We drive through a nexus of fairly rundown streets, featuring motor parts shops and local eateries that would take some personal courage to enter; the drooling Rottweiler at the entrance being the most welcoming member of staff. The town is ramshackle, scruffy and a bit untidy, but it has a certain ugly duckling charm. And with young kids happily playing football on the street – no doubt preparing to thrash England at the 2030 World Cup – and with mums hanging their washing on lines while exchanging the latest gossip, this place does feel like a community and there’s a warmth in not only the temperature. We reach her sister’s house. It is a tired-looking, small, white building, accessed via a narrow iron door and up a flight of stairs. The myriad gates, spikes and bars on the windows in this town betray the darker side of Brazilian life.
Sheyla rings the doorbell. Her sister answers and greets her with a hug. She and Sheyla are very alike, but she looks altogether more real and sensible. Siblings are often a useful way of gauging just how much plastic surgery someone has had, as they are by definition a control in the experiment – a walking ‘before’ photograph. Her sister’s softly weathered face suggests that all her time is taken up with a job, being a mother and being a wife. A glance at Sheyla’s face doesn’t tell you anything, because like the rest of her, it isn’t hers. These are two siblings that have demonstrably taken different paths in life.

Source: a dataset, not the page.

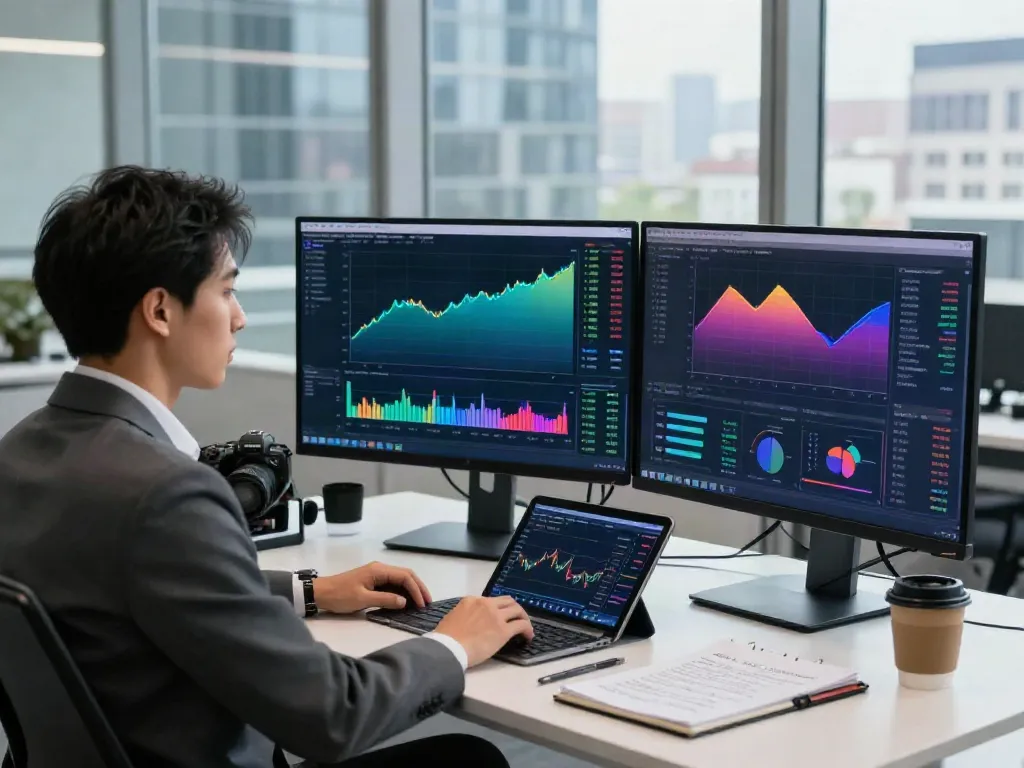 Analyst using FintechZoom.com dashboard in a modern financial workspace, surrounded by multiple monitors showing stock and crypto data.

I’m invited to sit and enjoy a coffee from a flask. I’m told the coffee is a fine-ground variety of Brazil’s finest, boiled and left to settle, after which sugar is added. Flying across the Americas and changing various time zones has left my head feeling like it left my body weeks ago, so the coffee is a welcome elixir. I needn’t have bothered – Sheyla is a walking stimulant. We’ve been in the house for five minutes and she strides back into the living room, wearing a different, dazzling outfit. I am to learn that she changes outfits more often than Beyonce at an awards ceremony. She is clutching a variety of medicinal-looking empty plastic sacks and tubes. These are her implants. The secrets of her success, the tools of her trade. And they look nearly as awful inside someone as out. She has saline implants – essentially salt-water-filled plastic bags. There is a little valve in each implant which a tube is inserted into, through which the solution can be squeezed, allowing you to inflate to a degree you are comfortable with. Sheyla is comfortable with an uncomfortable amount. Currently her breasts contain 4000 centilitres of fluid per breast. But this isn’t enough, apparently.